_ASSIGNED TASK_.
Quote all of the data that follows exactly as written, skipping the images.

DATA START

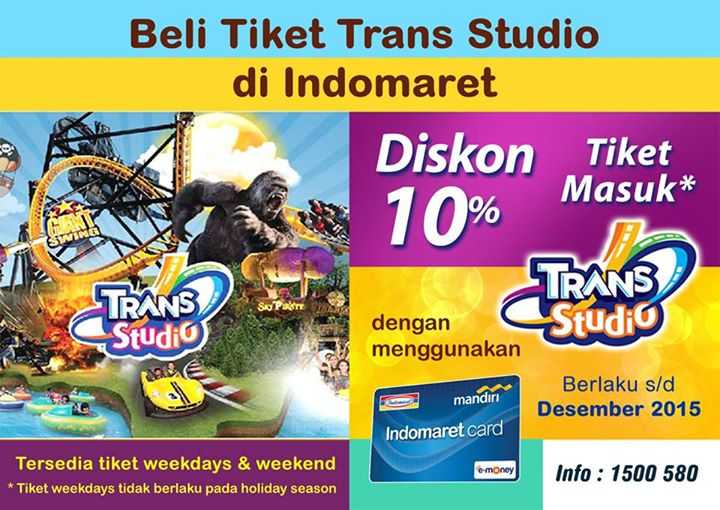 Promo Kartu Indomaret Tiket Masuk Trans Studio Bandung sebesar 10%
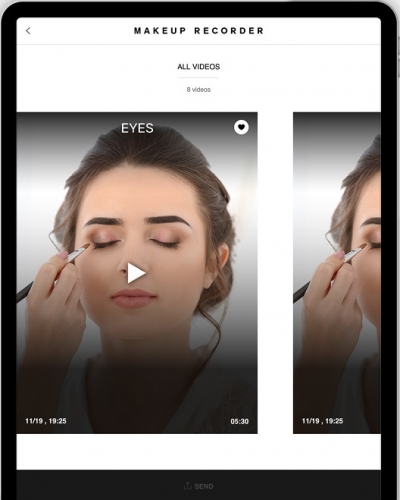 プロのメイクアップテクニックの持ち帰りが可能にコスメ店舗で活用頂けるiPadアプリ『MAKEUP RECORDER』提供開始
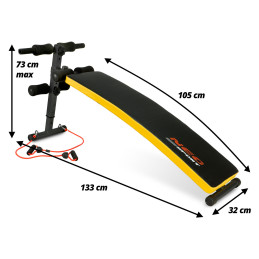 Nuožulnus suoliukas pratimams su plėtikliais Neo-Sport NS-08G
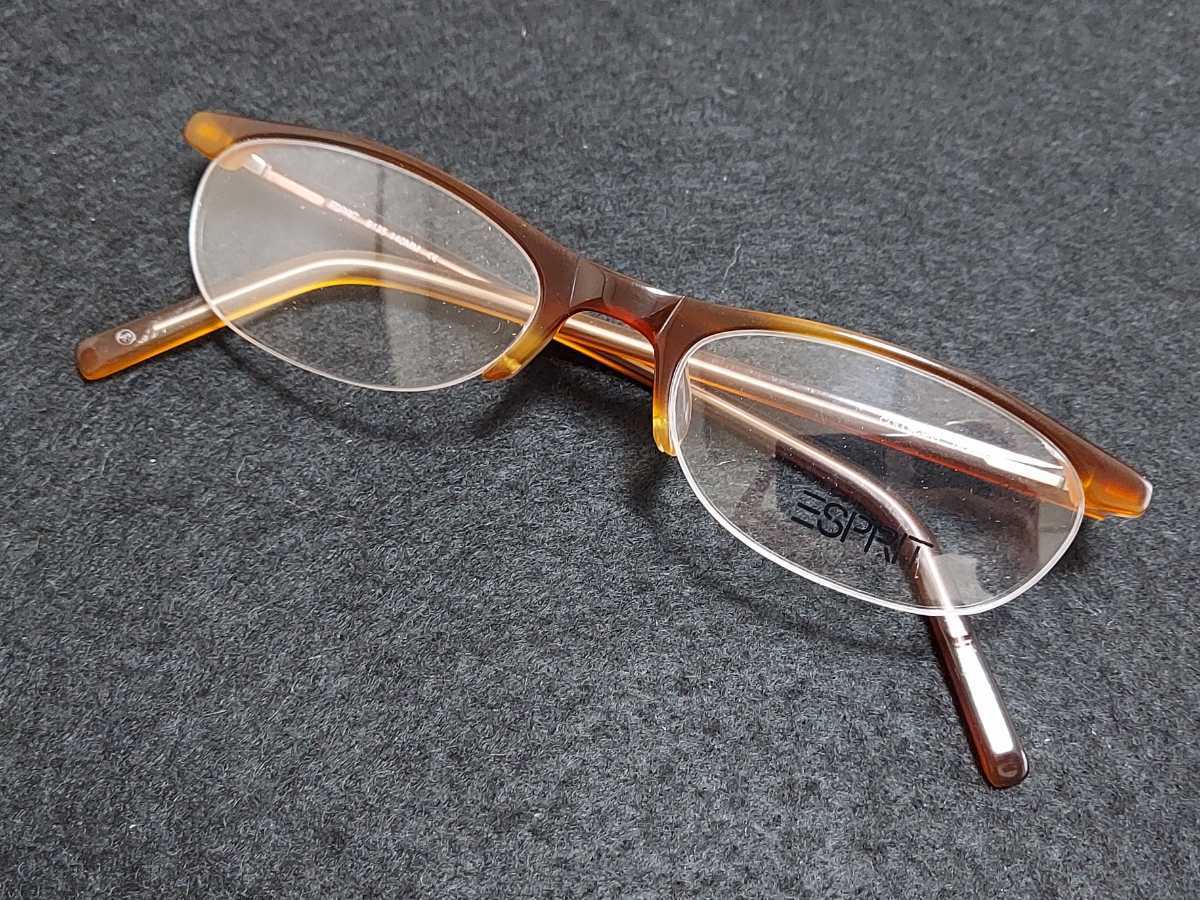 新品　SPRIT エスプリ　メガネ　眼鏡　高級感　上品　セルフレーム　ブラウン　ハーフリム_画像5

DATA END

_SOLUTION TO THE EXERCISE_.
 Promo Kartu Indomaret Tiket Masuk Trans Studio Bandung sebesar 10%
 プロのメイクアップテクニックの持ち帰りが可能にコスメ店舗で活用頂けるiPadアプリ『MAKEUP RECORDER』提供開始
 Nuožulnus suoliukas pratimams su plėtikliais Neo-Sport NS-08G
 新品　SPRIT エスプリ　メガネ　眼鏡　高級感　上品　セルフレーム　ブラウン　ハーフリム_画像5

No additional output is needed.